Sentei-me a poucos metros da sua mesa, sob a sombra dos lustres de cristal e o olhar da noiva radiante. Ele tentava – em vão – provar um gole de seu drink. Um Aperol, talvez? Não importa. Cada tentativa de levar o copo à boca era interceptada por alguém munido de um celular e um sorriso nervoso. Os pedidos variavam: “Só uma foto, ministro!”, “Dá pra fazer uma selfie?”, “Só dois minutos da sua atenção!” Alexandre, sempre polido, retribuía o assédio com um sorriso cortês, embora eu apostasse que o drink já estivesse morninho.
Eu não me atrevi. O fantasma de uma história antiga me assombrava. Lembrei-me do amigo que, tomado por um entusiasmo irracional, aproximou-se de Sérgio Moro em um restaurante com a família. O encontro se transformou em uma memória traumática – ele ainda revira os olhos ao contar como a interação foi seca e constrangedora. “Nunca mais, jamais!”, repete ele, entre goles de vinho e recriminações autoinfligidas.
Mas no meu caso, não foi só a prudência que me segurou. Eu sou do time dos antisociais – aqueles que, na dúvida entre abordar alguém e continuar contemplando em silêncio, escolhem sempre a última opção.

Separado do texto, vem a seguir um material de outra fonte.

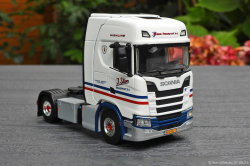 20250807-Stam-J-00096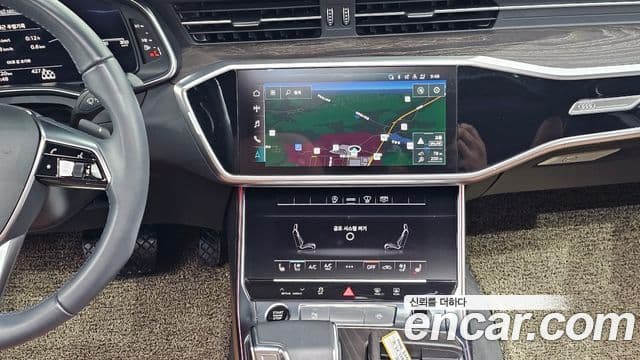 Audi A6 2021 — ფოტო 13/20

Preferi observar Alexandre de Moraes de longe e imaginar os pensamentos que corriam por trás daquela careca reluzente. Afinal, que homem comum carrega nas costas o peso de prender um tenente-coronel aqui, desmantelar uma milícia digital ali e ainda encontrar tempo para sorrir pacientemente em um casamento?
Sua missão, como Muniz Sodré nos alertou, é algo tão visceral quanto nobre: proteger a democracia brasileira de uma conspiração tecida às claras, num espetáculo tragicômico de mensagens cifradas e tanques desmoralizados. Se Moraes é a face impávida que corta esse teatro com prisões preventivas, então, ali, no casamento, ele era apenas um homem tentando sobreviver a uma noite de gentilezas excessivas.
No fim, deixei a festa sem falar com ele. Enquanto caminhava pela rua de paralelepípedos de São Luís, pensei em como Alexandre de Moraes talvez não pudesse se dar ao luxo de ser somente um convidado discreto. Ele, com sua gravidade institucional, está condenado a ser sempre uma figura pública – um guardião que não pode baixar a guarda nem em uma noite de festa.
E talvez seja por isso que, ao terminar seu drink, ele ainda estava lá, imóvel e sereno, sorrindo para mais uma selfie. É difícil ser um homem comum quando o país inteiro o observa, mesmo que o peso do mundo descanse, por uma noite, sobre os ombros de outro ministro, o noivo.